Despite these few successes, the search for new prognostic and predictive biomarkers, especially those personalized for individual patients, is complicated by the numbers of rare mutations in cancer and the difficulties in interpreting their effects. All cancers are heterogeneous mixes of clones, each with up to hundreds of de novo nonsynonymous mutations (Vogelstein et al., 2013). We currently try to assign causative mutations by finding genes or networks of genes associated with cancer progression or risk and using predictive tools to stratify mutations occurring in those genes. This approach can miss rare variants of large effect as well as variants that are pathogenic only when combined. Even a recurrent mutation may not be clinically important. For example, large numbers of mutations in a panel of genes recurrently mutated in skin cancers were found in histologically normal skin tissue, suggesting that a cancer-inducing environment or some combination of these mutations is necessary for complete transformation (Martincorena et al., 2015). Estimates that it may take more than a decade for tumor expansion to occur after the initiating driver mutation indicate that the multiple changes required for malignancy accumulate slowly (Yachida et al., 2010). However, tumor expansion likely occurs in a quick, punctuated manner without obvious intermediates between normal and bulk tumor cells (Navin et al., 2011), complicating efforts to determine which variants contribute to the tumor phenotype. It would clearly be useful in prioritizing drug targets and assessing risk to know the marginal fitness advantage conferred to a cancer by each genomic change.

In this vein, deep mutational scanning experiments have advantages over association tests. First and foremost, the functional effect of all single-nucleotide variants can be assayed directly without regard to their frequency in the population. An analysis of the breast cancer susceptibility gene, BRCA1, measured the effect of thousands of mutations in the BRCA1 RING domain on two biochemical functions: binding to the BARD1 protein and E3 ubiquitin ligase activity (Starita et al., 2015). These functional scores were used as the inputs to model a third function, homology-directed DNA repair (HDR), which is difficult to measure in bulk but correlates best with cancer susceptibility. The model captures roughly 70% of the variation in HDR scores and greatly outperforms commonly used biological effect prediction algorithms. Thus useful, gene-specific information from assaying variants directly is not captured by models based largely on evolutionary data. Many potential variants have the capacity to be damaging in the context of cancer, as the model predicts that roughly 20% of the assayed mutations in the RING domain would show impaired HDR activity.

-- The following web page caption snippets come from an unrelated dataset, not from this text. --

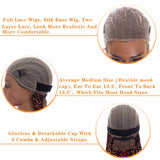 Full Lace Braided Wigs 38" Synthetic Hair Box Braids Wig with Baby Hair For Black Women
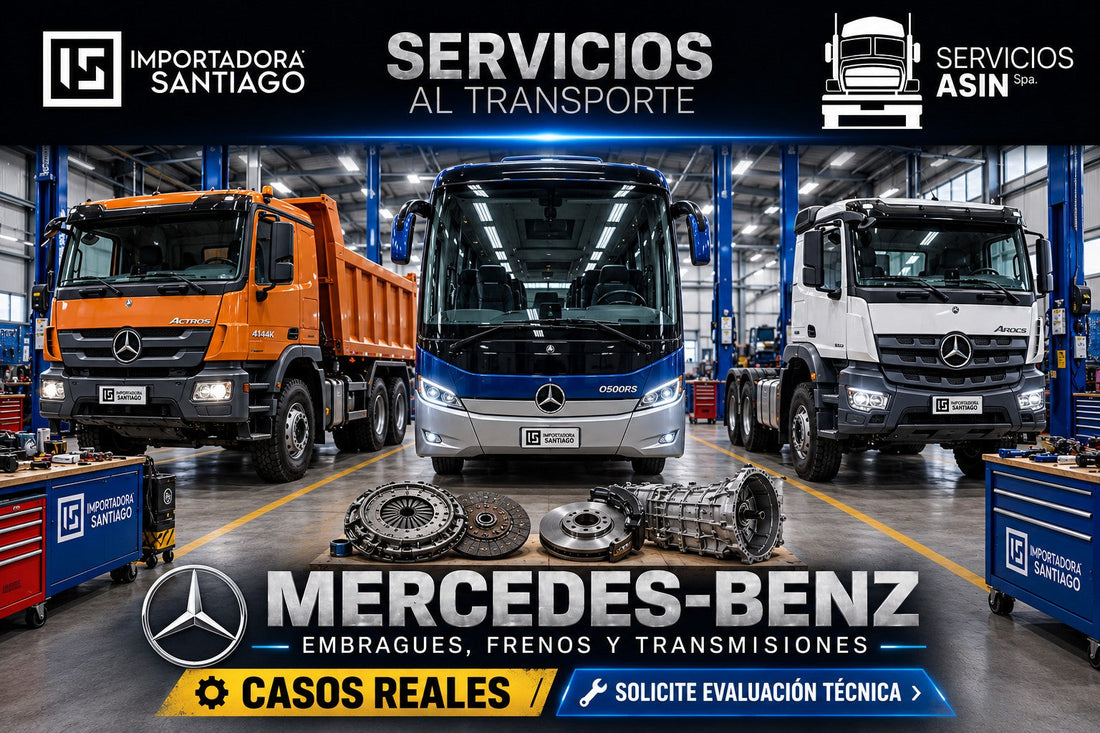 Servicio Técnico de Embragues, Cajas de Cambio y Frenos Mercedes-Benz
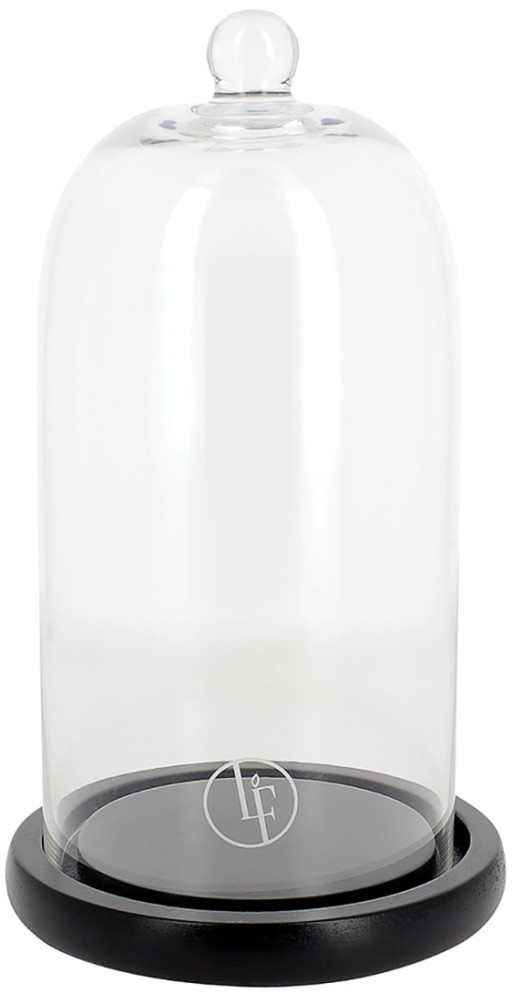 Cupola sticla cu baza pentru lumanari  La Francaise d 10cm  h20cm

As more of the variants seen in large-scale cancer sequencing projects are subjected to direct functional assessment, models that integrate these results should provide better predictions and highlight areas of incomplete understanding. Statistical models could be used to integrate these direct measurements with other evolutionary and functional data to predict deleteriousness. Alternatively, for molecular phenotypes that have strong correlations with disease, such as protein instability, functional scores from these assays could be used as the target of prediction. The validated disease variants currently used to train some variant effect prediction models are spread sparsely throughout the genome, and their collection is subject to ascertainment biases, resulting in models that are not likely generalizable. Direct functional measurements would serve as much more dense gold standards for training.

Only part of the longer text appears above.